Verslag plenaire vergadering
Actuele vraag over de uitvoering van het veiligheidsplan `Veilig op weg' van De Lijn
Verslag
Het antwoord wordt gegeven door minister Vandenbroucke.
De heer Penris heeft het woord.
Mevrouw de voorzitter, vorige maandag is op Lijn 14 in Antwerpen een vrouwelijke buschauffeur in elkaar geslagen. Die lijn staat ter plekke als een risicolijn bekend. De dame is zeven dagen werkonbekwaam. De bus is overigens ook beschadigd.
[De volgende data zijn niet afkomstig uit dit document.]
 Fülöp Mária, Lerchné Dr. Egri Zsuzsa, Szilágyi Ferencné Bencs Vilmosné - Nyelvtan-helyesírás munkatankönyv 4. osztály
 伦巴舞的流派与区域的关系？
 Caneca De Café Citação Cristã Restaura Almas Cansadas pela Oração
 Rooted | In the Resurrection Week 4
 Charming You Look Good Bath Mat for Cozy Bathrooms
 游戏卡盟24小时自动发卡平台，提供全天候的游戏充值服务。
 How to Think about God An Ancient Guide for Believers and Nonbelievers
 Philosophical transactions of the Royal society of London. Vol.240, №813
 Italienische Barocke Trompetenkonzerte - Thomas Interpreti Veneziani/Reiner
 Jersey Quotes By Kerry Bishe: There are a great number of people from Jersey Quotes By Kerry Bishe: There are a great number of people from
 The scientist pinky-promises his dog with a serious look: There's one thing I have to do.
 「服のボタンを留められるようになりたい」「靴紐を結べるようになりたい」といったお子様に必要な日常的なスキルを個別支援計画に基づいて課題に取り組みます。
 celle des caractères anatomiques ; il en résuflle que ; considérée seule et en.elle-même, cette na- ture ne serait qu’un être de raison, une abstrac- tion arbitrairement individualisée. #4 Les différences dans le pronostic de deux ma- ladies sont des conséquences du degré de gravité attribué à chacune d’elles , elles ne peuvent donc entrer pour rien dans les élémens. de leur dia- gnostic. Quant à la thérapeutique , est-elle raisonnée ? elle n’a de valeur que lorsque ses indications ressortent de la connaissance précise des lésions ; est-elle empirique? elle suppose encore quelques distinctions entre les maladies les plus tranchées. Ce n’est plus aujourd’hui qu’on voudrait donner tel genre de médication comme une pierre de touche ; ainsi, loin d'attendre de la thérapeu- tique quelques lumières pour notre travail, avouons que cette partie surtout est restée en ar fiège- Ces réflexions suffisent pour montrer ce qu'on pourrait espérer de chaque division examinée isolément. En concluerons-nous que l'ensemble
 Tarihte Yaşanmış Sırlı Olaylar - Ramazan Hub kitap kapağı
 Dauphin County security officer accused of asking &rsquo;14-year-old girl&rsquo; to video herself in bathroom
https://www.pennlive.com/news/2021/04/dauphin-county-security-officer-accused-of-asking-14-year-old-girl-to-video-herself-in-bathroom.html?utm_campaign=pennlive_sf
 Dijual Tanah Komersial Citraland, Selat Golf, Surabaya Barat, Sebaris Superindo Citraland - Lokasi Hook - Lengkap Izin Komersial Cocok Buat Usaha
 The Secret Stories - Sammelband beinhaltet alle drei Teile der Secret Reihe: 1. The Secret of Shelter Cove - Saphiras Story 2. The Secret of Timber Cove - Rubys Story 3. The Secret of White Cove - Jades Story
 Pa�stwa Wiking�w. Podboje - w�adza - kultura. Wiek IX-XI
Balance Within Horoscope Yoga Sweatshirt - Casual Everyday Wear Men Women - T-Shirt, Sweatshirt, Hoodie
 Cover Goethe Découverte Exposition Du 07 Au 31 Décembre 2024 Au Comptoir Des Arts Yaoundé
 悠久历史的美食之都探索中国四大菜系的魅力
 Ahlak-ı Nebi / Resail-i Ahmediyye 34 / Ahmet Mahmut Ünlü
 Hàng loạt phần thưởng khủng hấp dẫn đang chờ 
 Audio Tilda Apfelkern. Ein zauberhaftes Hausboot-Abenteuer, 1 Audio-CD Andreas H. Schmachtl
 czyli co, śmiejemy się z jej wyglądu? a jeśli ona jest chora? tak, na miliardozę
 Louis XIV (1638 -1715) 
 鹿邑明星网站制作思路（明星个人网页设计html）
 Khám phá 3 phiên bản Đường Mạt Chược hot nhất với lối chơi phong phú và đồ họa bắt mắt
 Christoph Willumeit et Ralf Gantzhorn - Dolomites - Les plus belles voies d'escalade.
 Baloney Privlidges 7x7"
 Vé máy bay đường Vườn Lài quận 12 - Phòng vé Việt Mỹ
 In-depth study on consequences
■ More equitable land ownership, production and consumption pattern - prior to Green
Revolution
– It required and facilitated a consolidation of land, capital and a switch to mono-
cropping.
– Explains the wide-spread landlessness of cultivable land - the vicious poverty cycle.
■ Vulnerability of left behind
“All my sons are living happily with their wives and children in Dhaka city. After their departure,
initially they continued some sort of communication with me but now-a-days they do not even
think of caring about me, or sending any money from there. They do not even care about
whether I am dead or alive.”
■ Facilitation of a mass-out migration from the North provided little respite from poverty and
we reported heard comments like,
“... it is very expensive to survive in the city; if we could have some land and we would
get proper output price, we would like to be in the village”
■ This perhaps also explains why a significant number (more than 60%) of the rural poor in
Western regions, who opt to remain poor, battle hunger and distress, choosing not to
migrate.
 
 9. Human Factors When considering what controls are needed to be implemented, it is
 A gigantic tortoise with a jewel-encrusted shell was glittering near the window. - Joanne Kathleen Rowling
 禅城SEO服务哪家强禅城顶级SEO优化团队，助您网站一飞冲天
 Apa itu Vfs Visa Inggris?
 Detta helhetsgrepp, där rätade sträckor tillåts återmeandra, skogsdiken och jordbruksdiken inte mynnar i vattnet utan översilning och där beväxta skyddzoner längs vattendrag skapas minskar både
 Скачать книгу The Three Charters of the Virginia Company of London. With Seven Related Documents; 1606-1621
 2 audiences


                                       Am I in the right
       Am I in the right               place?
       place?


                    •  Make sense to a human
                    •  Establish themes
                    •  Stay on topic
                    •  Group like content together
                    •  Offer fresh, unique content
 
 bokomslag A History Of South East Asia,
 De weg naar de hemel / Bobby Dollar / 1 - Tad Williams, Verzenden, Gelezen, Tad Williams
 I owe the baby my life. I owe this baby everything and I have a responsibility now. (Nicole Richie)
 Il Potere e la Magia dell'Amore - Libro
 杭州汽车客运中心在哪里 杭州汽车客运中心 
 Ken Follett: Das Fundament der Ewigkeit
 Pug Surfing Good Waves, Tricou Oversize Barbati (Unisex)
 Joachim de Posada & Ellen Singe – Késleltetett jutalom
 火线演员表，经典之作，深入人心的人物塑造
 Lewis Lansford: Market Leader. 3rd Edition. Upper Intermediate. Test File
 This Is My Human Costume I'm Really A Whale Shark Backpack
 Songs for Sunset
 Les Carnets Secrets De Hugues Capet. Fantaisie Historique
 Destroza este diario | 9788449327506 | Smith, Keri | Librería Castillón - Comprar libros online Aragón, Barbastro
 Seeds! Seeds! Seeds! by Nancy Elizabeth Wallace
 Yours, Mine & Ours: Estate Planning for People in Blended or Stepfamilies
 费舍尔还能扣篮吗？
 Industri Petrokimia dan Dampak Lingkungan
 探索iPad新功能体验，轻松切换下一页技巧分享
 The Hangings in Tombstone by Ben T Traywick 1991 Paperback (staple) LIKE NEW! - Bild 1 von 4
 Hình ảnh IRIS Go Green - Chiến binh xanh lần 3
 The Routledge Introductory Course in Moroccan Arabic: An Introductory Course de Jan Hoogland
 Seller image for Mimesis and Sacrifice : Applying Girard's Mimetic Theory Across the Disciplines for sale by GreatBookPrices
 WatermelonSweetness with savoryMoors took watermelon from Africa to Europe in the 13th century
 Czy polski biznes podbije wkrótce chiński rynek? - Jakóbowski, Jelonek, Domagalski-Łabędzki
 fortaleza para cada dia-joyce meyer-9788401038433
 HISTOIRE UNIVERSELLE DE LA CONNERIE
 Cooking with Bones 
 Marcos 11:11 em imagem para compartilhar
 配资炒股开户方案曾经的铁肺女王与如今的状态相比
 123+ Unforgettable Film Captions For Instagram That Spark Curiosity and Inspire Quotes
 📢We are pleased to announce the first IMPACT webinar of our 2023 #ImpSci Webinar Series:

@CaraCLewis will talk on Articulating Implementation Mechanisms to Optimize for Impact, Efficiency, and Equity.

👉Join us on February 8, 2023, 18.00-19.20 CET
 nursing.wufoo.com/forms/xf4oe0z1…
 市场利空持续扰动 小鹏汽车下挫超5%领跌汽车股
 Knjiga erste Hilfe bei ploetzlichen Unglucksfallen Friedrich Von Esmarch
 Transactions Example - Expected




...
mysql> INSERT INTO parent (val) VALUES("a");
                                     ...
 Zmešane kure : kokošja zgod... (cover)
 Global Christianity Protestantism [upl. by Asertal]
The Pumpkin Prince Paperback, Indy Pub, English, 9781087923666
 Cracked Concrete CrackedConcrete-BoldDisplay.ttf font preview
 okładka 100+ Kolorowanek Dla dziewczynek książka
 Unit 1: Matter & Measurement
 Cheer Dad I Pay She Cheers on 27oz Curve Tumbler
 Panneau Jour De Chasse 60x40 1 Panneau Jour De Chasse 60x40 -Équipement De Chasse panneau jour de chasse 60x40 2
Het is niet het eerste incident en het zal, vrees ik, ook niet het laatste incident zijn. Dit incident heeft de collega's van de betrokken buschauffeur er evenwel toe aangezet het werk op de stelplaats te Zurenborg spontaan stil te leggen. De vakbonden hebben de spontane actie van hun vakbondsleden erkend. De gesprekken met de directie van De Lijn zijn afgesprongen. De vakbonden hebben een 24 urenstaking afgekondigd.
Dit is een pijnlijke zaak. Ik denk hierbij eerst en vooral aan de gebruikers van De Lijn, die weer het slachtoffer van het falen van de openbare dienstverlening worden. Ik heb evenwel kunnen vaststellen dat de reizigers begrip voor de door de stakers aangehaalde redenen kunnen opbrengen. Het is tevens pijnlijk voor ons, politici en vertegenwoordigers van de belastingbetalers. We investeren massaal in het openbaar vervoer. Het openbaar vervoer is echter enkel interessant voor de cliënten indien het comfortabel, betrouwbaar en veilig is. Op dit laatste vlak heeft het openbaar vervoer het al bij herhaling laten afweten. Dit heeft onder meer tot de staking van deze week geleid.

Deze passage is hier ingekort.